Traditional inspection methods for solar panels, such as electrical characterization, require extensive sensor networks, increasing the cost and complexity for large-scale photovoltaic farms. In contrast, infrared (IR) thermography, often conducted via drones, provides a non-contact, efficient means to visualize thermal anomalies indicative of defects in solar panels. However, automating the analysis of these IR images presents significant challenges. The backgrounds are often complex (e.g., grass, desert, water), the signal-to-noise ratio is low, and the defects themselves exhibit large variations in size and shape, posing a classic multi-scale object detection problem.

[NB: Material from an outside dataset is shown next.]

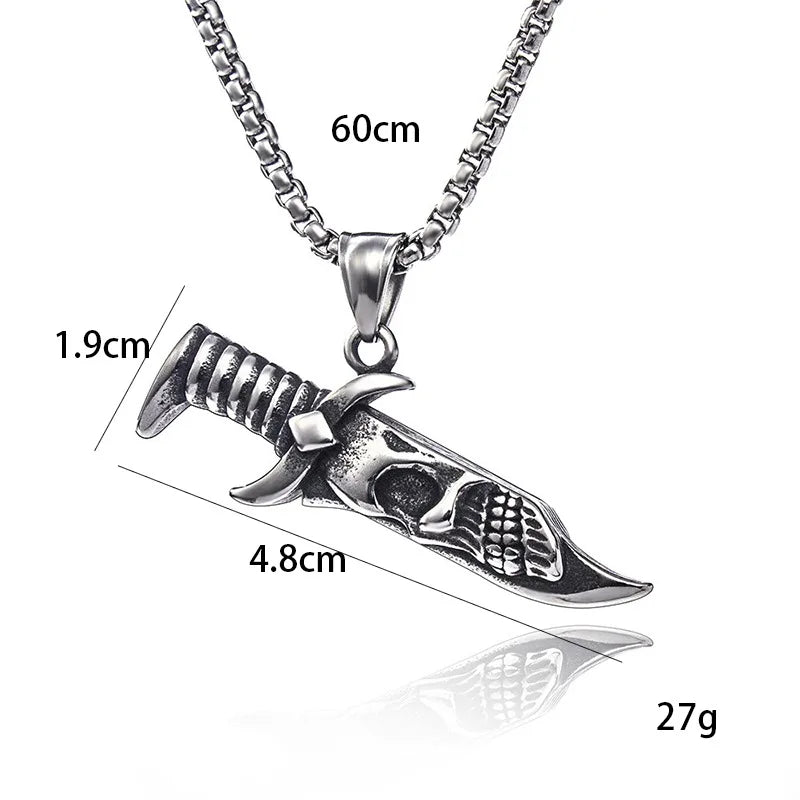 Men's Necklace Stainless Steel Dagger Skull Pendant Vintage hip-hop Jewelry Silver Color Male Neck Chain Punk Jewelry Wholesale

Small, subtle faults in solar panels can be easily missed by conventional algorithms.
Early machine learning approaches relied on handcrafted features and classifiers like Support Vector Machines (SVM) or Random Forests. These methods, while effective for specific cases, suffer from poor generalization and require extensive domain expertise. The advent of deep learning, particularly Convolutional Neural Networks (CNNs), has revolutionized this field by enabling automatic feature learning. Models like Faster R-CNN, YOLO, and Mask R-CNN have been adapted for defect detection in solar panels. However, their performance is often hampered by the inherent difficulties in IR imagery: the standard Feature Pyramid Network (FPN) may lose fine-grained details crucial for small defects, and the complex background can lead to false positives.

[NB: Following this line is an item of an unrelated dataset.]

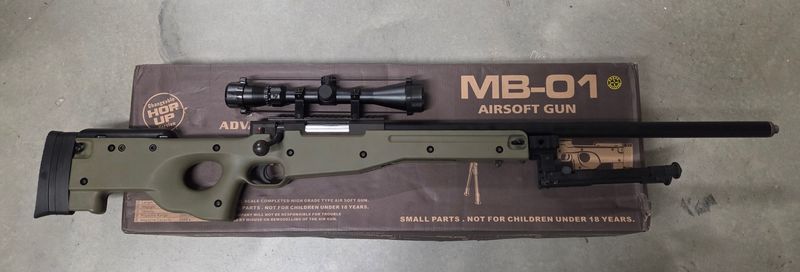 Used - Well Well MB01 (L96) Olive Scope & bipod Used - Well Well MB01 (L96) Olive Scope & bipod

To address these limitations, we propose an enhanced deep learning framework based on Faster R-CNN, specifically designed for the robust detection of multi-scale defects in solar panels under complex infrared backgrounds. Our core contribution is a novel network architecture termed the Multi-scale Adaptive Fusion Feature Pyramid Network (MAFPN). This architecture integrates two key modules: a Feature Enhancement Module (FEM) and an Adaptive Feature Fusion Module (AFM). The FEM expands the receptive field and enriches contextual information using dilated convolutions and a local self-attention mechanism. The AFM intelligently fuses features from different scales by employing a polarized self-attention mechanism, effectively suppressing irrelevant background noise while preserving critical semantic and detailed information pertaining to faults in solar panels. Extensive experiments on a real-world infrared dataset of solar panels demonstrate that our method achieves superior detection accuracy compared to existing state-of-the-art approaches.
Methodology: The Proposed MAFPN Framework
Our approach builds upon the two-stage Faster R-CNN detector, renowned for its high accuracy. We replace its backbone and feature fusion neck with our designed components to better handle defects in solar panels. The overall pipeline is as follows: An input infrared image is fed into a ResNet-50 backbone to extract hierarchical feature maps at four different scales, corresponding to stride levels of 4, 8, 16, and 32. These feature maps, denoted as {C2, C3, C4, C5}, carry different information; shallow features (C2, C3) are rich in spatial detail for locating small defects, while deep features (C4, C5) contain high-level semantic information for recognizing faults. These multi-scale features are then processed by our proposed MAFPN to generate a new set of enhanced feature pyramids {P2, P3, P4, P5}. These refined features are used by the Region Proposal Network (RPN) to generate candidate object regions (proposals), which are then classified and precisely localized by the subsequent detection head.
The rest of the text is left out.